# YO McFortner....



## Sam Leccia (Apr 14, 2007)

You were selected by a few to receive my "First Big Bomb of 2008".

Well, I decided NOT to send it to you....INSTEAD...

I am sending you 42 cigars of your very own private blend. I rolled these in Nicaragua to hone my blending and rolling skills.
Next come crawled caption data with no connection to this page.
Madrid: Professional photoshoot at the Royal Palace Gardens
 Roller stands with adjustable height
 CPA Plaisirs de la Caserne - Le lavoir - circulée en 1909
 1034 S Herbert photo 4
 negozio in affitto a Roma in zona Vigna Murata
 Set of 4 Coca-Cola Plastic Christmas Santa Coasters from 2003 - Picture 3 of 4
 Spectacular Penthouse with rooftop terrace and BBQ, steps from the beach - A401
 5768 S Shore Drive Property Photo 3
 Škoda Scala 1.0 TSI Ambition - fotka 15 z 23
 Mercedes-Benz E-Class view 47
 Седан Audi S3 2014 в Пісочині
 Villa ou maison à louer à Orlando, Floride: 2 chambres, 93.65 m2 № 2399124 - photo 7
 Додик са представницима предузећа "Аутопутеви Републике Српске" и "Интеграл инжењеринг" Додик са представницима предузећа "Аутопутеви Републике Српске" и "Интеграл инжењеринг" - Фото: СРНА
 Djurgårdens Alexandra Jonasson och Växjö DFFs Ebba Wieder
With the exception of the 5 I kept, these are the only ones in existance. They are Maduro and a bit on the mild side.

ENJOY!

Also: please confirm that your address in your profile is correct, I read before that you may be moving...


----------



## bobaganoosh (Sep 20, 2007)

sam, that is just cool as hell! Congrats Mc Fortner... I'm jelous!


----------



## JoeyBear (Jul 31, 2007)

Very nice, Sam!!!


----------



## MMarsden (Nov 29, 2007)

Wow! That's amazing! Can we get some larger pictures?

Lucky guy. I'm jealous.


----------



## terrasco-cl (Mar 4, 2007)

Sweet! That is a special bomb! Hand rolled by one of our very own.


----------



## JohnR (Apr 1, 2007)

I think Sam needs to include a certificate of authenticity just in case he becomes the next Don Pepin Garcia!


----------



## GoinFerSmoke (Jan 1, 2007)

That is cool. McFortner you are my new bestest buddy! lol


----------



## Sam Leccia (Apr 14, 2007)

JohnRider said:


> I think Sam needs to include a certificate of authenticity just in case he becomes the next Don Pepin Garcia!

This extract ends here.